Grassley broke through this inter-agency firewall last year by submitting a law enforcement referral to DHS containing HHS information provided to Grassley by legally protected whistleblowers. DHS’s Homeland Security Investigations followed up on 102 investigative targets Grassley identified.

Cherokee Federal, a business arm of the Cherokee Nation of Oklahoma, is among 23 entities that are the focus of a child-trafficking inquiry conducted by Grassley.

Cherokee Federal received a contract worth $706 million to care for unaccompanied children who are illegal immigrants and run a Pomona, California, processing site.

In July 2024, a whistleblower told members of the U.S. Senate that unaccompanied minors were being released to child traffickers and accused Cherokee Federal of facilitating those actions, the Oklahoma Council of Public Affairs reported in April 2025.

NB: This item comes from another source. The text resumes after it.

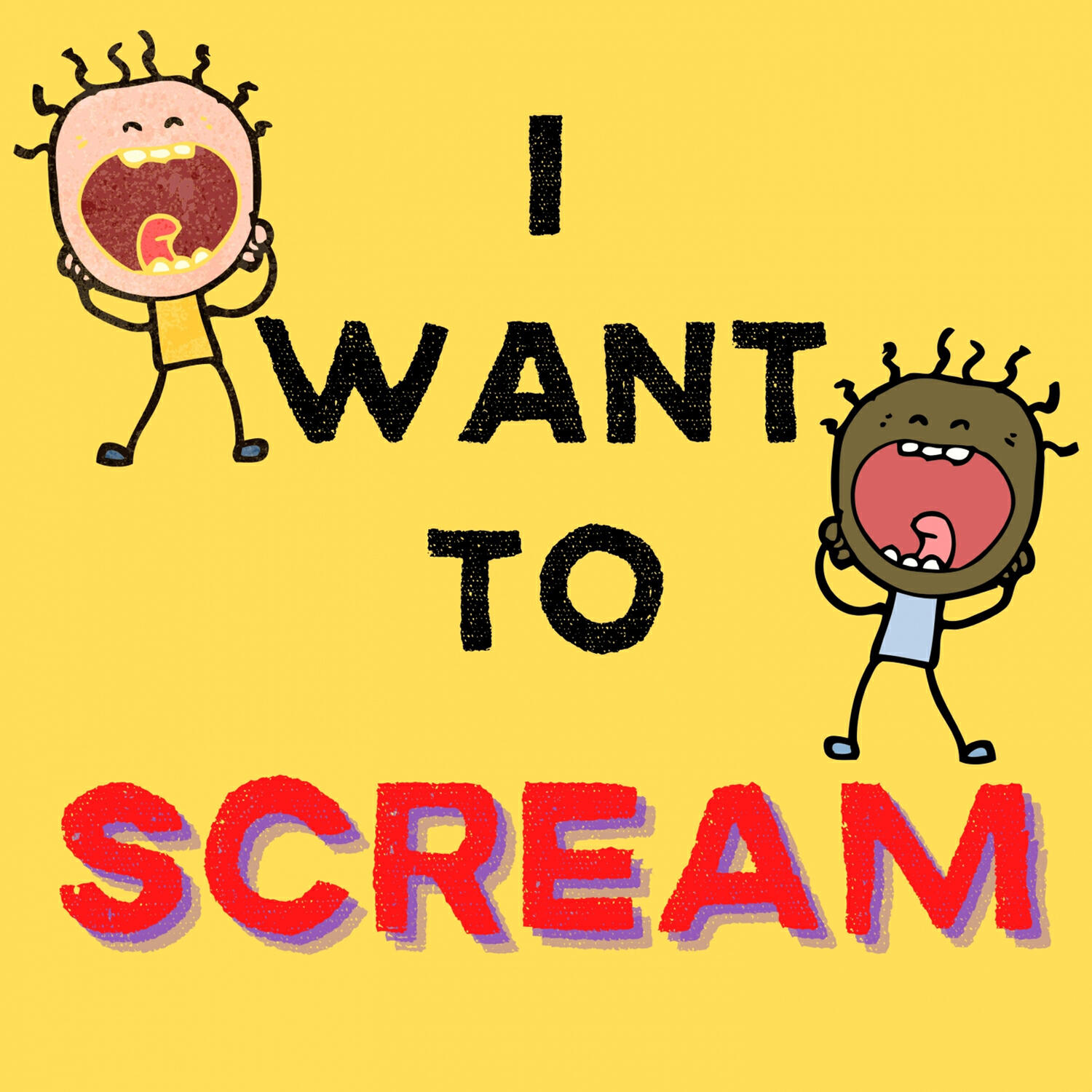 Релиз I Want to Scream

“Children continue to be trafficked into America, and we are paying for it,” said Deborah White, a career worker at the federal General Services Administration who transferred in May 2021 to the Health and Human Services Office of Refugee Resettlement, during a July 9, 2024, roundtable with U.S. senators. “Please understand, this is taxpayer-funded child slavery, sanctioned by our government and brought to you by NGOs like Cherokee Federal.”

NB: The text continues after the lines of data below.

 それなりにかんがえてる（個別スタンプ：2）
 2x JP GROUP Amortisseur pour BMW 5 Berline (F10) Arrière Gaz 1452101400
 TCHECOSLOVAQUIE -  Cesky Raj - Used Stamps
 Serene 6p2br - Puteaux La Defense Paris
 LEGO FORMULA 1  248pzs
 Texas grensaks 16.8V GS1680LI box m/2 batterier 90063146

Steven Bilby, president of Cherokee Federal, issued a statement to Tulsa’s CBS-affiliate News on 6 calling the testimony “outrageously false.”

In a letter sent on March 10, 2025, a year after his initial letter, Grassley warned officials with Cherokee Federal that as “a recipient of taxpayer money, your organization has an obligation to turn over responsive information and the failure to do so is obstruction.”

Some key findings of the recent DHS OIG report include:

  • HHS failed to provide DHS complete sponsor addresses for over 31,000 unaccompanied migrant children. Without sponsor addresses, law enforcement is unable to keep track of migrant children.
  • DHS law enforcement officers additionally estimated that addresses collected by HHS were incorrect 80 percent of the time.
  • DHS officers failed to enroll over 233,000 migrant children who crossed the border since January 2021 in immigration proceedings, increasing their risk of trafficking and exploitation. Of those enrolled, more than 43,000 children failed to appear.
  • HHS failed to provide updated sponsor information to DHS when sponsors changed addresses, further hindering DHS’s ability to find children.
  • HHS placed migrant children with potentially dangerous sponsors. In Fiscal Years 2023 and 2024, HHS released more than 24,100 migrant children to unrelated sponsors or distant relatives. Law enforcement officers note these children are at the highest risk for trafficking.
  • HHS frequently placed migrant children in rundown apartment complexes and dilapidated motels with barred windows, appliances stacked on patios and apartments with no doors or kitchens.
  • Multiple DHS offices confirmed HHS released children to incomplete or commercial addresses, and ICE officials at one field office noted the Biden HHS released 34 children to two addresses that didn’t exist.